Pray did you send the cross & have you heard anything about it? Direct your letters to me thus ‘Staff Surgeon’ Morse, Portuguese cavalry, Lisbon. Don’t say anything about Marshal Beresford & spell it as I have. Now my love, don’t fret yourself about me, for I am, thank God, getting well rapidly & trust to have no more of it. Kiss my babies & dream of me yourself, God bless you my love & believe me ever sincerely thine. George Morse.

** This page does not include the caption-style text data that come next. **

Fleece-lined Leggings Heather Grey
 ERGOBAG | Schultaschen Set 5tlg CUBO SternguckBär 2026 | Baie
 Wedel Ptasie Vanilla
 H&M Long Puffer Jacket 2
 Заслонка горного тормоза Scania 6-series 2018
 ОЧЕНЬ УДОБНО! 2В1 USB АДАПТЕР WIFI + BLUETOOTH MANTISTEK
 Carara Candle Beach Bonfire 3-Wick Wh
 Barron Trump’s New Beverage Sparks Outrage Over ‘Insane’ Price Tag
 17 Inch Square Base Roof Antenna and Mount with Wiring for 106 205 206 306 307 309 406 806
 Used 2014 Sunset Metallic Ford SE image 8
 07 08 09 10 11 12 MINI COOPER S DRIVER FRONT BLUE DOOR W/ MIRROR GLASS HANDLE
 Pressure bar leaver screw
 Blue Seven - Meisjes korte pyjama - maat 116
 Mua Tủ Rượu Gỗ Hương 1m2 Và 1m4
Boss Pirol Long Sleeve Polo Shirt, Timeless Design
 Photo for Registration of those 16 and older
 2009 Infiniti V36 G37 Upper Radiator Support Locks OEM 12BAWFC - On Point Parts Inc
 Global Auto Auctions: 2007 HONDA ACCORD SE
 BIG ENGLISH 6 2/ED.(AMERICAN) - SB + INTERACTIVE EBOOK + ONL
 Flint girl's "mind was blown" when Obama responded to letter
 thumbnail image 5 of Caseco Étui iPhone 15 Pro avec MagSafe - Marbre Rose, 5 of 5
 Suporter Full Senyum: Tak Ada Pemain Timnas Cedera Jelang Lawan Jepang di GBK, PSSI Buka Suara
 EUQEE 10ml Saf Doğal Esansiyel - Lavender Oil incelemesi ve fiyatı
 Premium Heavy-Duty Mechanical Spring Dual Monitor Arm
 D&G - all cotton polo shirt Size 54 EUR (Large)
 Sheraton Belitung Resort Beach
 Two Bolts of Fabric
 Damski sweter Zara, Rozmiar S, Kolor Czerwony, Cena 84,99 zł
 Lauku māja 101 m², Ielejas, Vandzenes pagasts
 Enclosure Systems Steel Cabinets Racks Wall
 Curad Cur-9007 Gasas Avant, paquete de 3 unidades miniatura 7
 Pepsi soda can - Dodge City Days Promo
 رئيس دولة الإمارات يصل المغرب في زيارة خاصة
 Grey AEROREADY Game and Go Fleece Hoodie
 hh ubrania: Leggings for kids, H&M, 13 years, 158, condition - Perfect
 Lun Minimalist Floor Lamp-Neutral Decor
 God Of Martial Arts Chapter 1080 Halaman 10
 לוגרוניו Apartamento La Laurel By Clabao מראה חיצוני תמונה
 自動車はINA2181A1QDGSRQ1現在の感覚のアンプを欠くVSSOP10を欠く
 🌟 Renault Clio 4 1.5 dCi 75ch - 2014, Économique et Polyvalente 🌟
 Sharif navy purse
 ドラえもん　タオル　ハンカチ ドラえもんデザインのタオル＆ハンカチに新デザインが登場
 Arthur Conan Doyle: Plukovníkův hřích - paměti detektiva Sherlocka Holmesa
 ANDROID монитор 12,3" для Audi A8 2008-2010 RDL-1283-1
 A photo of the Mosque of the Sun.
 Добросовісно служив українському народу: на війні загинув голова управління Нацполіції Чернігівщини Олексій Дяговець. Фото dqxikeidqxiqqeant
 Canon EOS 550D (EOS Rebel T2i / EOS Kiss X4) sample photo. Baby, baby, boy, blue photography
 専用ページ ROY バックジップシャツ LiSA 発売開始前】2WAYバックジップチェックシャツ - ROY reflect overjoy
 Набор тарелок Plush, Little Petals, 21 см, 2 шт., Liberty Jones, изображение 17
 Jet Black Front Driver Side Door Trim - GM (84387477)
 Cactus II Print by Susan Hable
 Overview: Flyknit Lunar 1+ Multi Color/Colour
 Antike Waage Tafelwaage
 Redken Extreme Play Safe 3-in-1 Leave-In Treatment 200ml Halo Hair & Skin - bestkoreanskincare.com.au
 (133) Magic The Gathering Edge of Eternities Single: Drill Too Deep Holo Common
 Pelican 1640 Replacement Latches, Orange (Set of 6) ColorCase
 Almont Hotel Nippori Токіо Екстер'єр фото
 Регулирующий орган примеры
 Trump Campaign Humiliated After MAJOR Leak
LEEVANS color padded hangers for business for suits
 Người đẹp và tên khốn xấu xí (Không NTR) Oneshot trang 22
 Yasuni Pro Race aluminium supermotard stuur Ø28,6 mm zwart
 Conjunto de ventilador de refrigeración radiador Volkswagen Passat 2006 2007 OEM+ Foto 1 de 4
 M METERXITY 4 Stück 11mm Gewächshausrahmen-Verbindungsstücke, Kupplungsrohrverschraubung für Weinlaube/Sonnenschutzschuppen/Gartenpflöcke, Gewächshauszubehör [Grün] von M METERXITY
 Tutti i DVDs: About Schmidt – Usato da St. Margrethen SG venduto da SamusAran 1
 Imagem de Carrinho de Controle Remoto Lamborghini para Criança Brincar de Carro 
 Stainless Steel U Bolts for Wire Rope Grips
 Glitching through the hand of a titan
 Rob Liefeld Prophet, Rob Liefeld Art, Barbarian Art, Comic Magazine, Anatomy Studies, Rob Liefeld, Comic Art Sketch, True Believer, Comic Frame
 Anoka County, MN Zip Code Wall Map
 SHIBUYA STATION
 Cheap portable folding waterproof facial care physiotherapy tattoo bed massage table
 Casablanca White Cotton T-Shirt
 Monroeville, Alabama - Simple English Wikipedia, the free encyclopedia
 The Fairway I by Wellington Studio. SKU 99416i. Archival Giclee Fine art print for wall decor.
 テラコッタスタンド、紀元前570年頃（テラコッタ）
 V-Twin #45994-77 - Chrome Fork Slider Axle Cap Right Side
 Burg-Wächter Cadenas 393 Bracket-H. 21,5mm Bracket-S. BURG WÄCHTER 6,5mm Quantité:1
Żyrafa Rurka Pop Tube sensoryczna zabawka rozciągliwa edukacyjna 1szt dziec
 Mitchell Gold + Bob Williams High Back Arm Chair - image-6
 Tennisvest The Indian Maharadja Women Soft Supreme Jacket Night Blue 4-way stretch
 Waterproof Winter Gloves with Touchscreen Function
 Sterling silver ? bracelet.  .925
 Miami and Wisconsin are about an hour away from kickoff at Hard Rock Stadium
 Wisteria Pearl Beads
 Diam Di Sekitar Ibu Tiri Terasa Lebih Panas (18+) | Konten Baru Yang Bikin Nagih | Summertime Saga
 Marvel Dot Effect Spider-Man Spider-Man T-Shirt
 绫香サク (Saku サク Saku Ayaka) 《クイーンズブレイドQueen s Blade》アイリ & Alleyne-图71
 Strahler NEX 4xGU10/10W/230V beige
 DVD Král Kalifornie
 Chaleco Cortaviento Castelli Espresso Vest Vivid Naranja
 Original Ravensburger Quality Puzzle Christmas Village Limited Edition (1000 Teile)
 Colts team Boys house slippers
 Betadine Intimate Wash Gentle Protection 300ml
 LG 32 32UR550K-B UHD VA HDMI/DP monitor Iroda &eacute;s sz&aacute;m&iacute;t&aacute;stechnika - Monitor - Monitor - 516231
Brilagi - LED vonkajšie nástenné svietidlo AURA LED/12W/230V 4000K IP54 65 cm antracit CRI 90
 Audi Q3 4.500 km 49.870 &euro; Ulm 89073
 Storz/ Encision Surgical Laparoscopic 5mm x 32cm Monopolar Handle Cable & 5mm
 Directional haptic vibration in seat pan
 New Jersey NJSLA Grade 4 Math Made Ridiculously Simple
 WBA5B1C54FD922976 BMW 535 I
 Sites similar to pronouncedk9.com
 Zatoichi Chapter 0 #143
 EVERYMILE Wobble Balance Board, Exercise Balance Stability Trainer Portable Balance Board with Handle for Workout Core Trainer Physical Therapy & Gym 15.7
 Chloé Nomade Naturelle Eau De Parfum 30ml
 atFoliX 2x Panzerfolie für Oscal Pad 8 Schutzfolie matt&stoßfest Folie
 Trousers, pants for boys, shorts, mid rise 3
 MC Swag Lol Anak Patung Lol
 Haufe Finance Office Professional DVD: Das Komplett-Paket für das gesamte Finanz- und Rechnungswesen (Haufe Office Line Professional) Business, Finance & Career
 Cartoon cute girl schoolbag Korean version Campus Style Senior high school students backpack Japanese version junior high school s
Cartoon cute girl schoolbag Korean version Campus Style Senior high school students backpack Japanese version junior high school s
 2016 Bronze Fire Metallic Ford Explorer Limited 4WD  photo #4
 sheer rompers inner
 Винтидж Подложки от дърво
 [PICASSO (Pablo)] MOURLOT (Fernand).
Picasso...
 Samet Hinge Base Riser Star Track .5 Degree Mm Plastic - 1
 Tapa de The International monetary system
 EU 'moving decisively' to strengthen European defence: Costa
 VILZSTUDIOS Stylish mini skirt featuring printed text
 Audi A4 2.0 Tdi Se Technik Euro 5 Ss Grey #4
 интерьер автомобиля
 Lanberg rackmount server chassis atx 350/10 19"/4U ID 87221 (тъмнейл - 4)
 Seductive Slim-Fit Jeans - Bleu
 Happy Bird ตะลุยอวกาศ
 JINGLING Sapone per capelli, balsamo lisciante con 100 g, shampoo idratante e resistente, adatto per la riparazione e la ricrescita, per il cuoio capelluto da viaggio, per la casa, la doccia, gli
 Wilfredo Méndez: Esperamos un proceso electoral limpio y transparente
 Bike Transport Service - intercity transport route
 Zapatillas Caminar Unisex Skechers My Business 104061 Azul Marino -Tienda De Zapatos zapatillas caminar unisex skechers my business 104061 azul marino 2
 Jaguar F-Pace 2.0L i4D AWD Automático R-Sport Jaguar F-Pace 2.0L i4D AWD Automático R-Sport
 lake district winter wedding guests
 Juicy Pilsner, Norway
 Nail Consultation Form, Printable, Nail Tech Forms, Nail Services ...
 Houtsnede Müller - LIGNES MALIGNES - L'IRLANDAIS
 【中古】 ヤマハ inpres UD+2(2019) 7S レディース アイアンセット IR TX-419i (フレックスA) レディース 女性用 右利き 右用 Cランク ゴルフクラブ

11th No particular news that I can learn & no ague today. Adieu

 

1 Major Thomas Williamson Assistant Adjutant General to the 1st Division.

2 Colonel Alexander Campbell, York Light Infantry commanded a brigade in the 4th Division.

3 Almost certainly Captain Redmond Morris 13th Light Dragoons.

4 Presumably Staff Surgeon John Rice.

5 The Army Agents, Hopkinson & Sons of 5 St Alban’s Street, Pall Mall, London.

6 Major Robert Arbuthnot 20th Light Dragoons, Military Secretary to Marshal Beresford.

7 Brevet Colonel Lord Robert Edward Somerset.

8 This would appear to be Captain Charles Patton RN.

9 Captain George Collier Coldstream Guards.

10 Captain William Masson 50th Foot.